Hamstring muscle tightness was established from the measurement position of 90° in the hip and knee joint in a supine position. The angle between the vertical line to the floor and the long axis of the tibia after the knee joint was maximally extended was measured as hamstring muscle tightness.

Gastrocnemius Muscle Tightness

To measure gastrocnemius muscle tightness, the ankle joint dorsiflexion angle was measured when maximally dorsiflexed in the supine position, with the knee extended and maintained in a neutral position relative to the varus-valgus angle of the ankle.

Soleus Muscle Tightness

To measure soleus muscle tightness, the ankle joint dorsiflexion angle was measured when maximally dorsiflexed in the prone position with the knee at 90° of flexion.

Lower Leg Alignment

The Q-angle was measured with the participants in a supine position. A protractor, remodeled for Q-angle measurement, was centered over the patella, with one limb over the tibial tubercle and the other in line with the anterior superior iliac spine.

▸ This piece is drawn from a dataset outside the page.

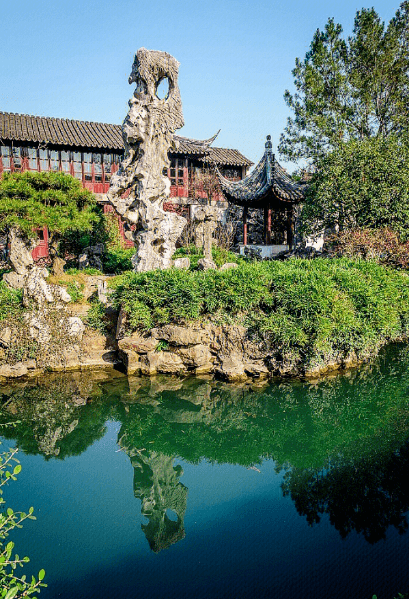 水,石相融合而呈天然之趣利用雲牆和建築群把園林劃分為中,東,北,西四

For medial longitudinal arch (MLA) measurement, participants were asked to assume a relaxed standing position on both legs, looking straight ahead with their arms by their sides. The MLA was measured as the ratio of the length from the posterior heel to the first metatarsophalangeal joint and the height from the floor to the navicular tubercle.28,29

Diagnosis of OSD and Sever Disease

Examinations were conducted using M-Turbo (SonoSite) and 13-MHz (6-13 MHz) linear probes (Figure 3). To measure the skeletal maturation of the distal attachment of the patellar tendon, participants were placed in a supine position with the knees bent. Ultrasound was performed in the long axis view, focusing on the patellar tendon attachment.36 The bone growth stage of the tibial tuberosity on ultrasound was defined using the Ehrenborg classification as cartilaginous, apophyseal, epiphyseal, or bony.9

Figure 3.

Figure 3.

Linear probe positioning on the patellar tendon attachment and Achilles tendon attachment as well as examples of typical ultrasound images taken in the longitudinal axis to diagnose (A) Osgood-Schlatter disease and (B) Sever disease.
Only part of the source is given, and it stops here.